Helping our kids succeed in school has become a more hands-on experience this year but whether you’ve decided to send your kids back to the classroom or are continuing with virtual distance learning, what can you do to support your child’s schooling?
Maintain a Routine
School is built around routine. It starts at the same time every day, classes take place on the same schedule, even lunch takes place at the same time. It’s structured this way for a reason. Studies show that children thrive on routine. For young ones who are just learning to explore the world around them, a routine is like a security blanket. It gives them something unchanging when everything around them might be unfamiliar.
Whether they’re in the classroom or at home, kids can still benefit from a routine. For classroom settings, make sure you’re sticking to the same schedule for waking up and going to bed, as well as things like meals and homework. For home learning, sticking to lessons on a regular schedule can make it easier to keep their routines in place.
Talk To Their Teachers
They might not be scheduling in-person parent-teacher conferences, but that’s no excuse to go an entire semester without having at least one conversation with them. Staying in touch with their teachers can be an invaluable tool for supporting your children and their education. Educators have a different perspective and can help you figure out how best to help your child succeed and thrive in school.
In the interest of social distancing, send some emails or schedule a Zoom meeting with your child’s teacher. Staying connected to them is one of the easiest ways to support your child and their education.
Teach Note Taking
Learning how to take notes is one of the most valuable skills you can learn, beginning in elementary school and continuing all the way through college and into the working world. It’s also a skill that isn’t often taught in school. Teach your child how to take notes, and how to use the notes they take to help with homework and studies.
Taking notes isn’t just important for remembering lessons and getting ready for tests. Studies show that it also helps improve reading comprehension and makes it easier to transfer information into long-term memory so they don’t forget everything they learn as soon as they pass whatever test or assignment they need to complete.
Look for Extra Help Where Needed
You don’t have to be everything all the time for your kid. Almost all schools offer a variety of services to help your children wherever extra help is needed. This could be anything from after-school tutoring to Saturday school to educational plans that help to meet your child’s individual needs.
Don’t be afraid to reach out and ask for help, especially if your child is struggling with a certain aspect of schooling and you are running out of ideas to help them. These programs are in place for a reason. Utilize them whenever you find you need them.
Encourage and Reward Your Child
We all love getting a pat on the back and an attaboy when we do something right or accomplish a task — and that desire isn’t exclusive to adults. Kids love being rewarded when they accomplish something. Make it a point to encourage your child to do everything they can to succeed in school, and when they put in the hard work and earn those good grades, reward them!
The exact rewards you choose will vary depending on the sort of thing your child enjoys. Bake a cake, throw a pizza party or treat them to a trip to the movies — whatever works best for them and for you. Whatever you choose just make it a point to reward them for all the hard work they put in to earn those grades.
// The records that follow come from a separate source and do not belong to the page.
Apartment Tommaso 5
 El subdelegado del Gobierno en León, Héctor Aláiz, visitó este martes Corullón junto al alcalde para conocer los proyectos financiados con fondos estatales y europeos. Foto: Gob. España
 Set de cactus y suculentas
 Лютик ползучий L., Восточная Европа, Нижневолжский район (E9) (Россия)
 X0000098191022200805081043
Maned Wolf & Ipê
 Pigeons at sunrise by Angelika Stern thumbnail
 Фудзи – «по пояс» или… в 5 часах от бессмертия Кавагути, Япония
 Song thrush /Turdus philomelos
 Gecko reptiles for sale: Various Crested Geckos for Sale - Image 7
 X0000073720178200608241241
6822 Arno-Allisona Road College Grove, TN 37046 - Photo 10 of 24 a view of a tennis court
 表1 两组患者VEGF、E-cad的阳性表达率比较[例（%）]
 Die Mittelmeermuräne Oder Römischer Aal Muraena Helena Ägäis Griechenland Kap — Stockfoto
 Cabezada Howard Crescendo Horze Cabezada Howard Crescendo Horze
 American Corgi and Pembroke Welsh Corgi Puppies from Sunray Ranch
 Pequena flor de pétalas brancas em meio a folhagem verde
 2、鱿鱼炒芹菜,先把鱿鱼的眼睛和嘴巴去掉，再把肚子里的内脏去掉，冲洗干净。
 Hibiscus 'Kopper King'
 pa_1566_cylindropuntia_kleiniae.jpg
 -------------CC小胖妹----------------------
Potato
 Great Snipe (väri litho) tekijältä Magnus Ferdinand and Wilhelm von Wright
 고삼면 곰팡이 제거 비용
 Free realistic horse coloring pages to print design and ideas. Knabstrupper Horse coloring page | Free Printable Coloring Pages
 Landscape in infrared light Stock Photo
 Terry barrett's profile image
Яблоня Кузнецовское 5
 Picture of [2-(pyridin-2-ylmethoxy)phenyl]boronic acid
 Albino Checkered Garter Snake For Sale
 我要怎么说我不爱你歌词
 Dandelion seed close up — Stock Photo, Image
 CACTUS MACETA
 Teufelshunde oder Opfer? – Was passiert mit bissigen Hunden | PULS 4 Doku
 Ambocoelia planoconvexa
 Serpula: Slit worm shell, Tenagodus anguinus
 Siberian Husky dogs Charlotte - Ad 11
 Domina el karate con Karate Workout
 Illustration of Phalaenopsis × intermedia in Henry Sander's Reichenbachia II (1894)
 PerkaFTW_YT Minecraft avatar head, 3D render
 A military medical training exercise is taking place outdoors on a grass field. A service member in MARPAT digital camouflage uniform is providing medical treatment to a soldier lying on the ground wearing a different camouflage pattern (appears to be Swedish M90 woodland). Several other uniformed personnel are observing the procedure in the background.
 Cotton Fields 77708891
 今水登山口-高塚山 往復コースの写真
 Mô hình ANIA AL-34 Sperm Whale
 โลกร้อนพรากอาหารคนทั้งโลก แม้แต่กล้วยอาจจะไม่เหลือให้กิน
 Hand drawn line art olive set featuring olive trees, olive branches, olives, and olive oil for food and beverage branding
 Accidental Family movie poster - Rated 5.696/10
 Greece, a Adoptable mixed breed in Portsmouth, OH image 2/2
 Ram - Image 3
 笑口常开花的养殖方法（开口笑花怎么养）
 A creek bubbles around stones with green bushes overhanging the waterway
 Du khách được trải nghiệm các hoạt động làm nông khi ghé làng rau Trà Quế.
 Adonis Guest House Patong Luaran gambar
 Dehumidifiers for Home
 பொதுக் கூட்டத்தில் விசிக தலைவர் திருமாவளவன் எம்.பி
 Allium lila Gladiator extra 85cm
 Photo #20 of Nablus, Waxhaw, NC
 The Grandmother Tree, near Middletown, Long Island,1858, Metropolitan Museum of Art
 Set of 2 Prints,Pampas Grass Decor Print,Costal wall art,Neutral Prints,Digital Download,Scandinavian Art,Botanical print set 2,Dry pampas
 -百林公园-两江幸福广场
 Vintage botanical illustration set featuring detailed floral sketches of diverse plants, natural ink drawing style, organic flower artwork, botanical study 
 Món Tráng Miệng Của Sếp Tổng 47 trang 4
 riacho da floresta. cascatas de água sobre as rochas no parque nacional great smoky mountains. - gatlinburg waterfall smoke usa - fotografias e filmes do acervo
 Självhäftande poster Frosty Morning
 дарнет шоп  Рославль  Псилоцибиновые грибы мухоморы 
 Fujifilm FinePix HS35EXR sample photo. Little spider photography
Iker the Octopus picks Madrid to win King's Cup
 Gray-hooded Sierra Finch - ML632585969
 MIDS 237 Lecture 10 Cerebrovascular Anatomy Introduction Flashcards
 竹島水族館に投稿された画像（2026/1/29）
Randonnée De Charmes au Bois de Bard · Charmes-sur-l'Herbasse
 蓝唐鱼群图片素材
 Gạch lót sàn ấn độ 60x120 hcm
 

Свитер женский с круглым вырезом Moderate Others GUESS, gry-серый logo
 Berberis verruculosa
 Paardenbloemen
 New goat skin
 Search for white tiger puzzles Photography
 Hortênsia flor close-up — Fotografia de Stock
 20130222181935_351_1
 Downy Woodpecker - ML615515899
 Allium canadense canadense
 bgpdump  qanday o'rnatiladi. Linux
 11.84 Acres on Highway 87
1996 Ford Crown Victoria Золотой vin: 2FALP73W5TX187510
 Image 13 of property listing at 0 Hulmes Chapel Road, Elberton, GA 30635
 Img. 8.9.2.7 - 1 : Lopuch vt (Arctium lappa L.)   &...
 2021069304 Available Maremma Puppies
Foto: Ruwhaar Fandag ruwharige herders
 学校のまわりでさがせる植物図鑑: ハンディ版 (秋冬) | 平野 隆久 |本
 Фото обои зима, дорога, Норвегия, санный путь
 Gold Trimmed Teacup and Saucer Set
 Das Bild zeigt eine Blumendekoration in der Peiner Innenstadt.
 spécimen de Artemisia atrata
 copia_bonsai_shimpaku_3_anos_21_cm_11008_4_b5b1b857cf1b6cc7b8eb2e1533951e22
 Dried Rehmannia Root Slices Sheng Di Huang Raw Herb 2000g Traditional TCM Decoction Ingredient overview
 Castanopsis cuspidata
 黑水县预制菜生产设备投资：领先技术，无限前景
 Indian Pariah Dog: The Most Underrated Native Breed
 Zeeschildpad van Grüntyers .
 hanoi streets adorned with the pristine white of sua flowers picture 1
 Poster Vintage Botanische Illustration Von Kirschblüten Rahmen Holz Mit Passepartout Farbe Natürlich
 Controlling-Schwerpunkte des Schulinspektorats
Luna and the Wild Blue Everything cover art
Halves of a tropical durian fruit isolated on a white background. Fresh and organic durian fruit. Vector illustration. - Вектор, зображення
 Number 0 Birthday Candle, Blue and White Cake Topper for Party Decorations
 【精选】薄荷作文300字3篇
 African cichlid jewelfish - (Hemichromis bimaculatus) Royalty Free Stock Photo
Known When to Take a Step Back
A child’s education is an important part of their young life, but it’s easy to get too involved. You need to know when to take a step back too and let them figure out the best course of action for themselves. Let them know that you’re always there for them and you can always help with whatever they need, but don’t give in to the temptation to do the work for them or find all their solutions. Support them as much as they need, but know when to take a step back and let them figure things out for themselves too.